_PROBLEM DESCRIPTION_. Word for word, restate the lines of the data below between those holding "THE POWERPUFF GIRLS X SHEIN 女士船袜 - 彩色 - 查看 4" and "Paintbrush Print 5", inclusive; pictures do not belong in the copy.

_PROVIDED RECORDS_.
####

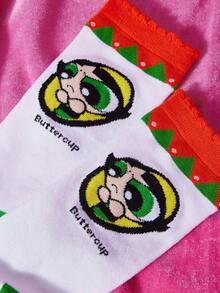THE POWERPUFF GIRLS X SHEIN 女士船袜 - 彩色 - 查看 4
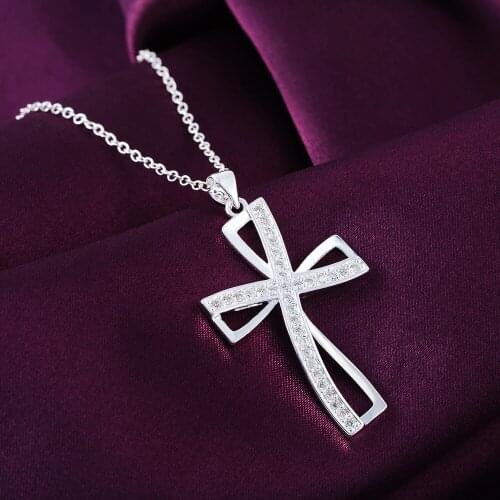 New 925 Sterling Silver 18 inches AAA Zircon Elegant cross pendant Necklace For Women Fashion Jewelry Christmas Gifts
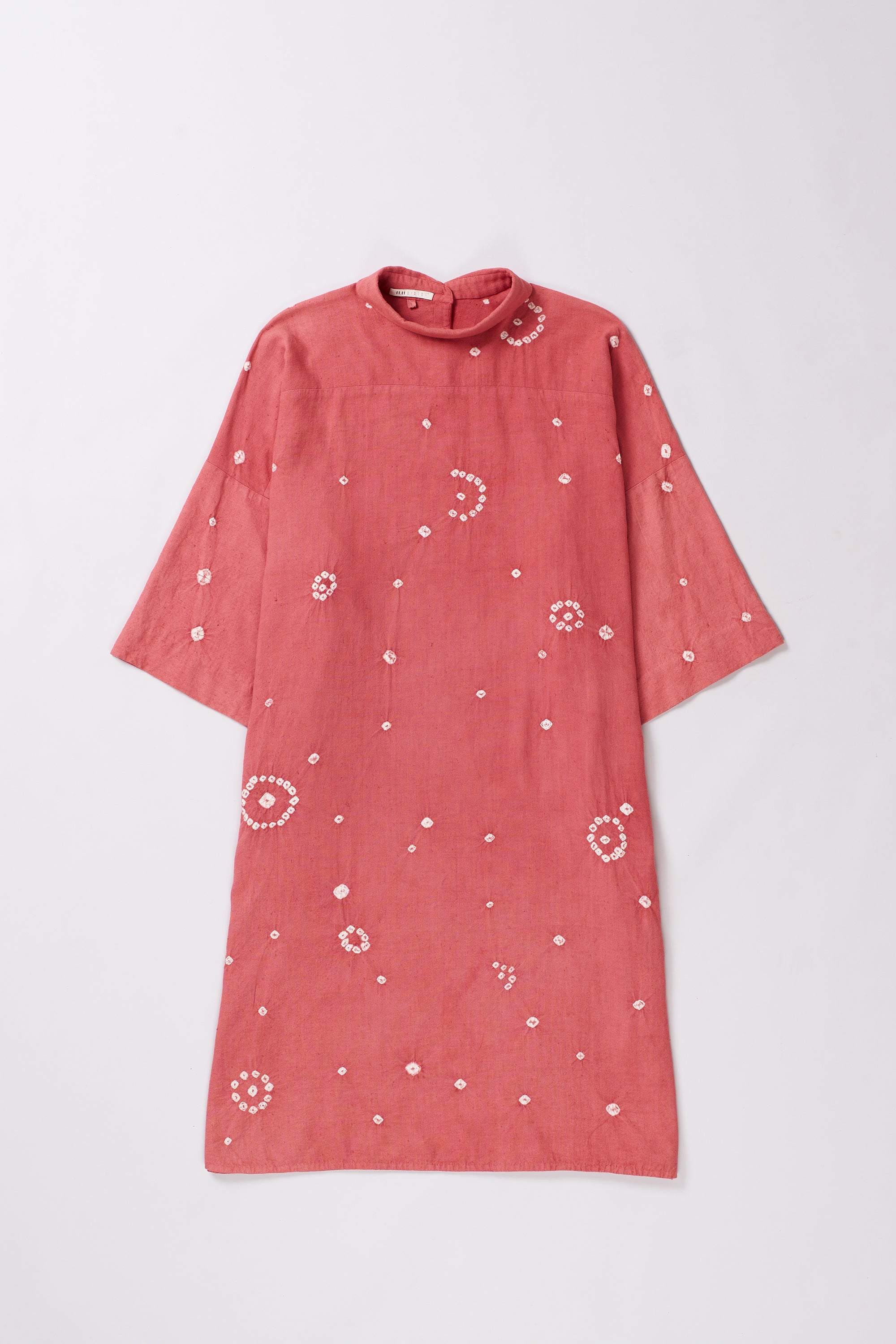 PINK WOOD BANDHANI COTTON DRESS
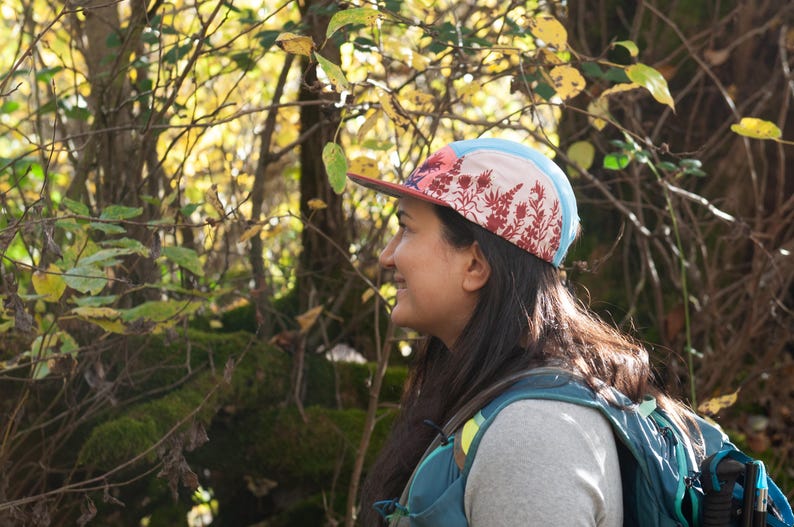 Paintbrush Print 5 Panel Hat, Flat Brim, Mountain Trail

####

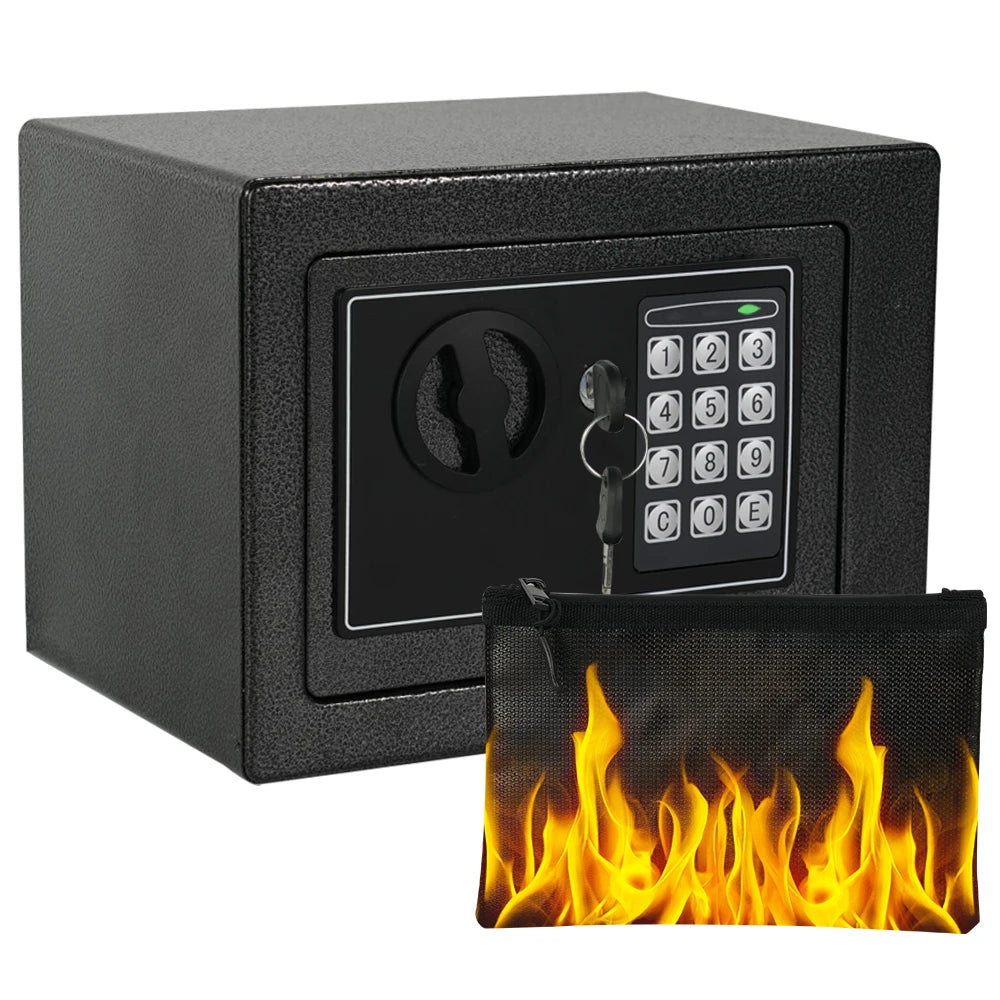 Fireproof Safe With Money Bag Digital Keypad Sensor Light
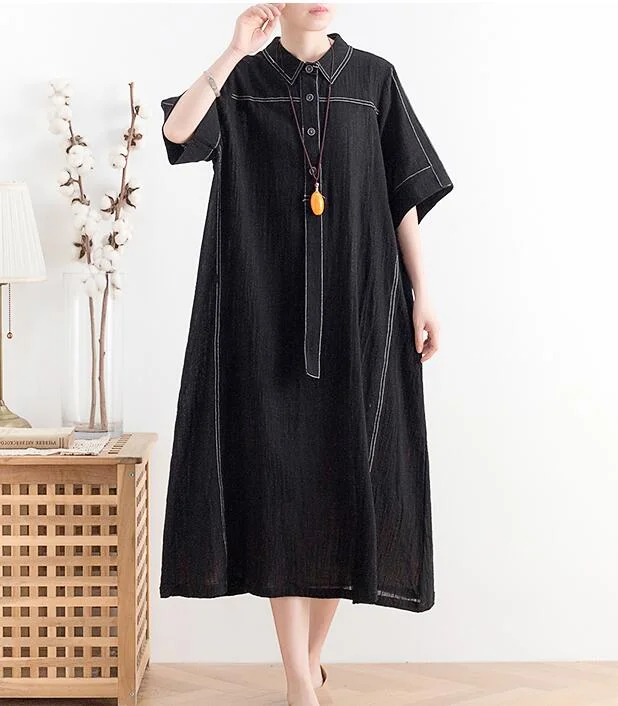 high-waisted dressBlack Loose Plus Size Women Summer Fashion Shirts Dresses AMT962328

####

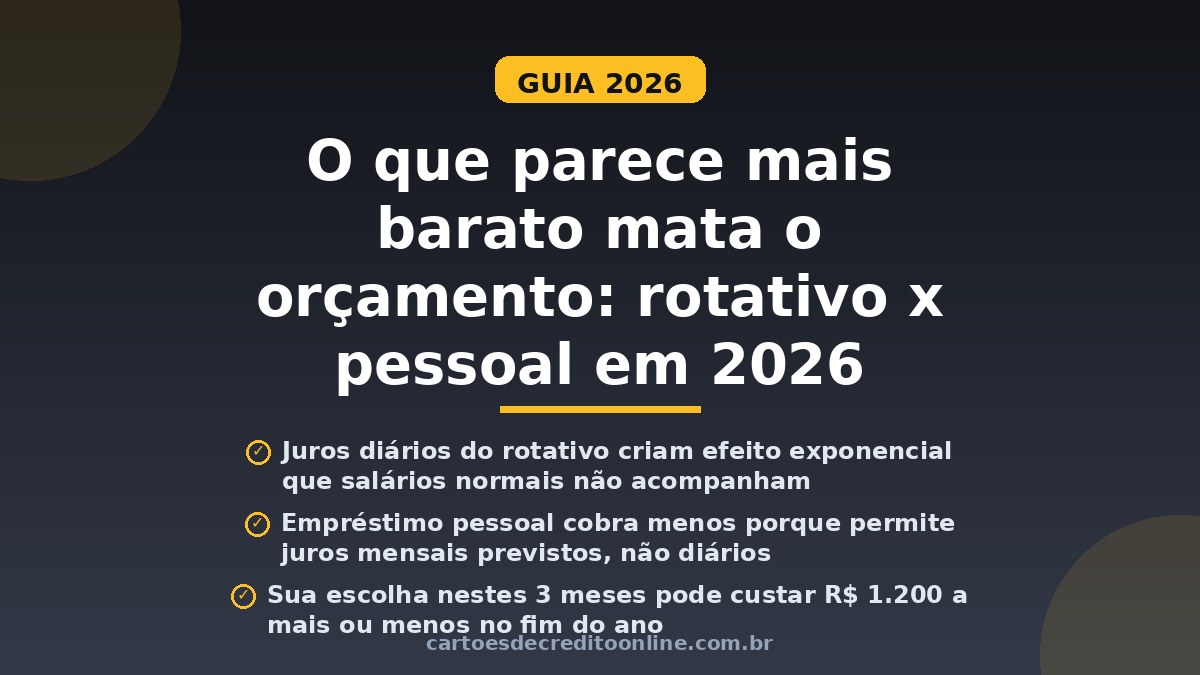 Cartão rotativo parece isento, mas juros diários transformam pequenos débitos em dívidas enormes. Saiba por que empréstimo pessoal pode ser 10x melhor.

####

_ANSWER BOX_.
THE POWERPUFF GIRLS X SHEIN 女士船袜 - 彩色 - 查看 4
 New 925 Sterling Silver 18 inches AAA Zircon Elegant cross pendant Necklace For Women Fashion Jewelry Christmas Gifts
 PINK WOOD BANDHANI COTTON DRESS
 Paintbrush Print 5 Panel Hat, Flat Brim, Mountain Trail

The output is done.